O Ricardo, aos doze anos, iniciou demorado caso com um travesseiro do velho Hotel Gontijo. Dormia com o dito entre as pernas, entre os braços, falava baixinho com ele, beijava-o. Era um travesseiro de fronha verde, bem maciozinho, jeitoso. Um dia chamava-o Maria, noutro Marisa, Célia, Ana, Carmem, Sônia Mamede, Ava Gardner, carnes reais ou fictícias que habitavam sua solidão sacana. A mãe, às vezes, tinha de ralhar com o filho, porque ele não permitia que os serviçais do hotel de seu pai sequer tocassem no travesseiro. Era um amor ciumento.

Verdadeiras ou imaginárias, as mulheres, ontem como agora, sabedoras de que provocam o desejo masculino, a exemplo da que declara em O amanuense Belmiro: “Você não calcula o que é ser cortejada pelos homens. Todos me olham como se quisessem devorar-me. E às vezes sinto-me fraca, tenho medo de ceder”. Ou a personagem de Eduardo Frieiro, caridosa para com os homens a quem dava tudo, menos a “coroa de virgem”, reservada para o santo que a pedisse em casamento. Praticava o “amor francês”, como depois explicaria a um Pedro neófito o experiente Dr. Mário, pai do futuro cronista Paulo Mendes Campos…

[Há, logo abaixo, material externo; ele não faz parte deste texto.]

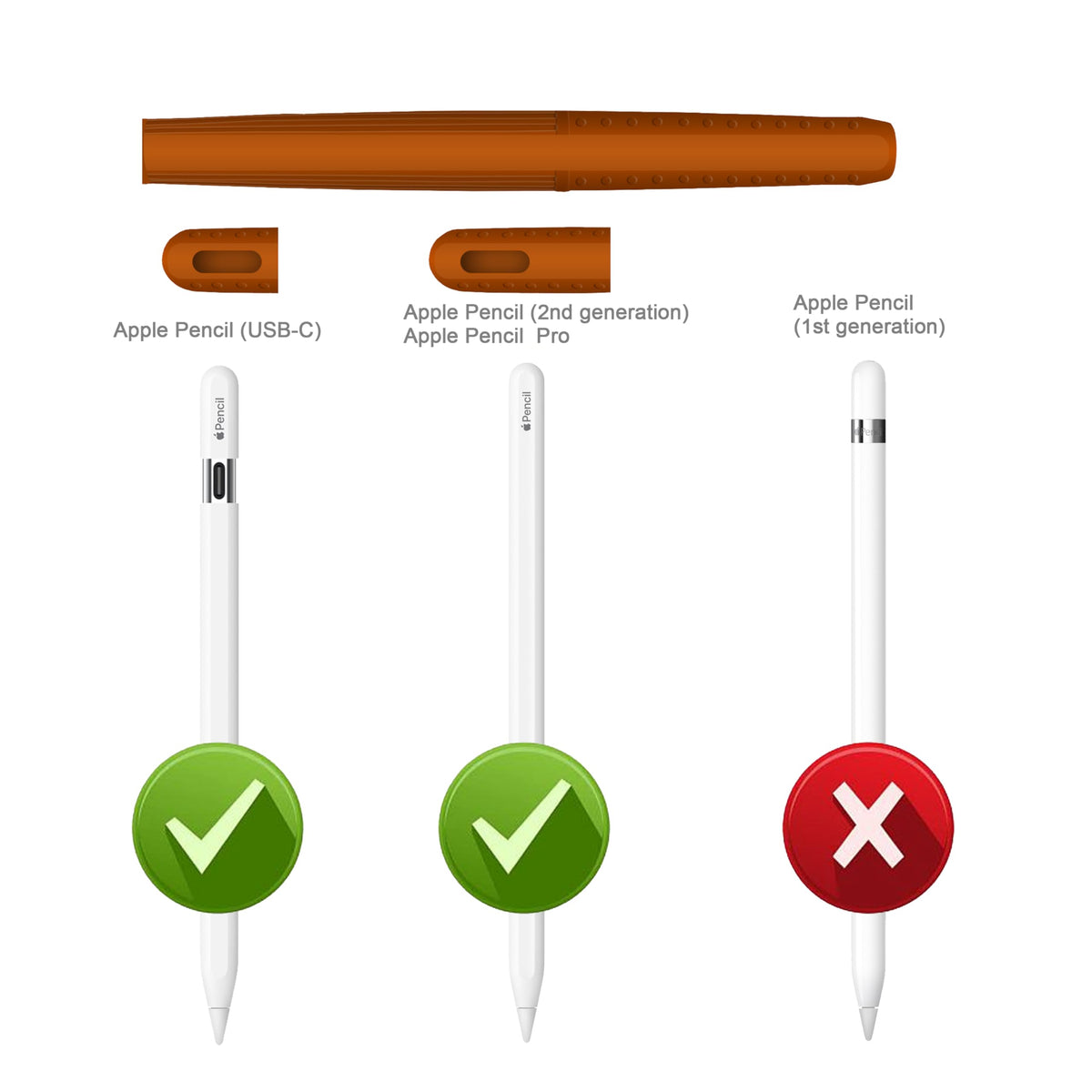 Silicone Case Cover Skin for Apple Pencil Brown E8531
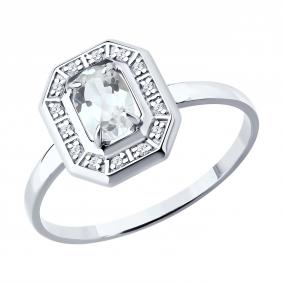 Золотое кольцо SOKOLOV 71-00410-3 с бриллиантом и горным хрусталём 71-00410-3 фото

Casos picantes, fictícios ou reais, que poderiam acabar em tragédia, como o de um companheiro de infância de Carlos Drummond de Andrade, lembrado em versos não propriamente elogiosos: “Hildebrando insaciável comedor de galinha. / Não as comia propriamente – à mesa. / Possuía-as como se possuem / e se matam mulheres.” Ciente da indiscrição, encheu de balas o revólver em Belo Horizonte e abalou-se para o Rio de Janeiro, à procura do poeta: “Eu vou matar o Carlinhos! Eu vou matar o Carlinhos!” Amansado a tempo, voltou para as penosas da sua Itabira natal…

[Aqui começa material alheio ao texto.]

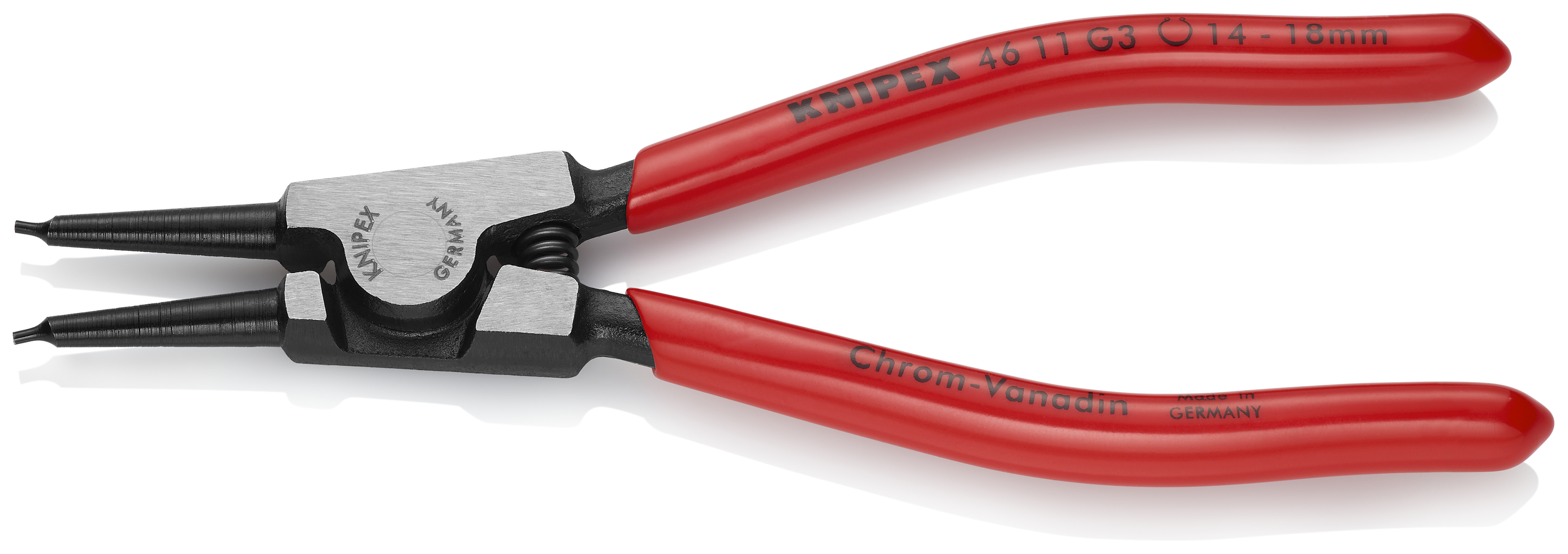 KNIPEX KNIPEX 46 11 G3 Sicherungsringzange für Greifringe auf Wellen 140 mm schwarz atramentiert mit Kunststoff überzogen poliert KNIPEX KNIPEX 46 11 G3 Sicherungsringzange für Greifringe auf Wellen 140 mm schwarz atramentiert mit Kunststoff überzogen poliert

Vendedor na Livraria Itatiaia, dos tios Pedro Paulo e Edson Moreira, o jovem Pedro Rogério embrulhava livros com as oiças no que conversava a ilustre clientela, formada por políticos, escritores, jornalistas e empresários. Soube, assim, que o prefeito de Belo Horizonte, Juscelino Kubitschek, aproveitava as inspeções das obras na então longínqua Pampulha para, belamente acompanhado por mulheres, matar duas fomes com uma só cajadada: à mesa, no restaurante da Maria das Tranças, e depois na cama, em casa do alcoviteiro amigo Joubert Guerra. Maria das Tranças em que também se fartou o casal Simone de Beauvoir e Jean-Paul Sartre, na Belo Horizonte de 1960. Após o almoço, os dois foram chupar jabuticaba na mansão de uns capitalistas, talvez a mais profunda experiência existencial que tiveram na vida…

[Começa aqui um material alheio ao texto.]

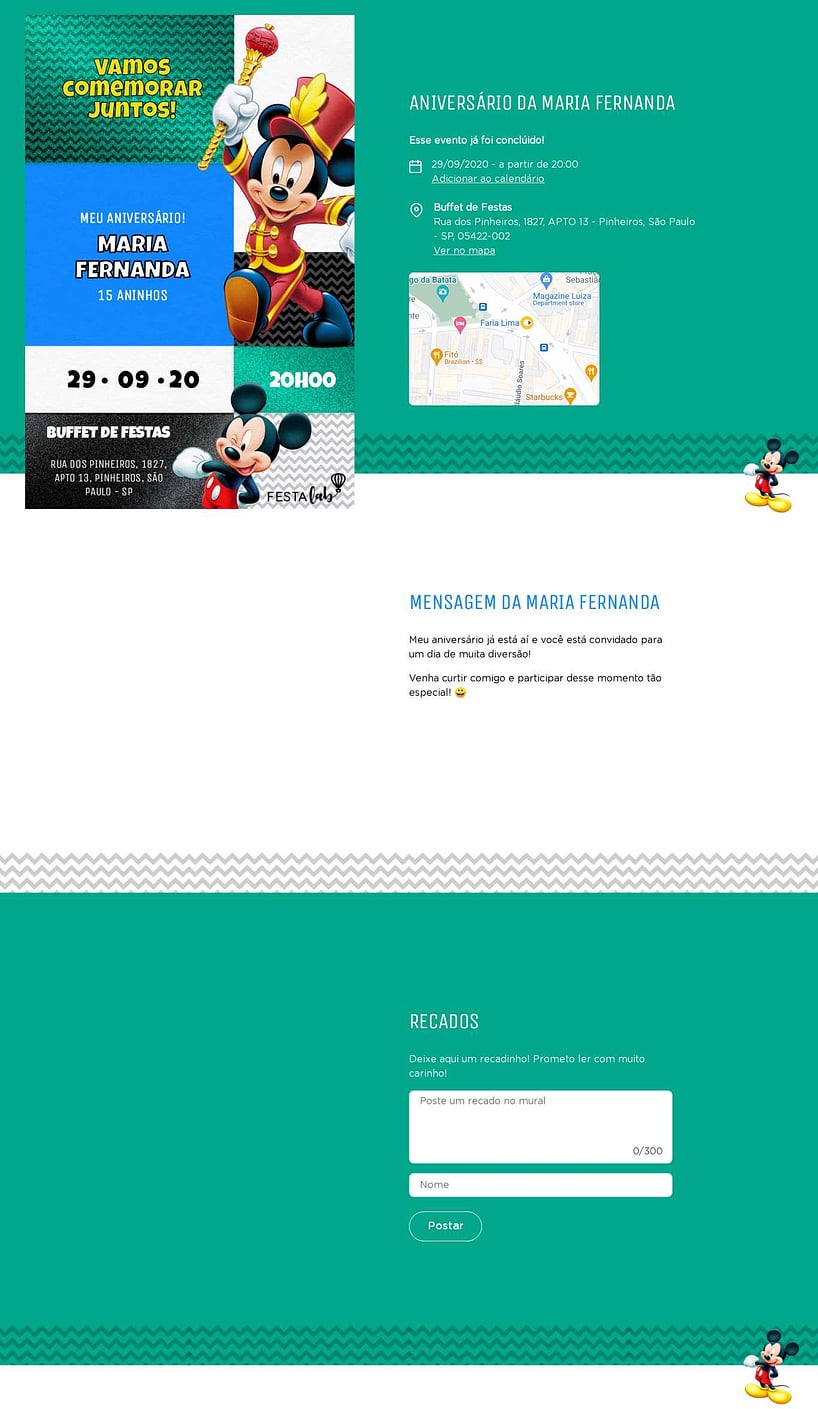 Convite online de aniversário - Mickey Instrumental Verde| FestaLab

Essa, a Belo Horizonte de outrora que Pedro Rogério sente viva, ao contemplar não o céu comum a todos, mas as pedras que, polidas por gerações de que se faz a história, pavimentam o caminho de cada um como se pisadas pela primeira vez:

Quem olha para o chão se acha, mesmo que a topografia tenha sido assassinada pelo império dos tempos. Por mais que a marcha inexorável da mudança violente o passado, por mais que a mão humana possa desfigurar a imagem do nosso mais terno amor, sempre permanecerá uma sombra daquilo que um dia foi por inteiro. Por isso, é preciso olhar para o chão em busca do caminho do tesouro. Mineirar. Garimpar o cascalho da alma das ruas para encontrar um instante apenas de felicidade, o fiapo de uma esquecida alegria.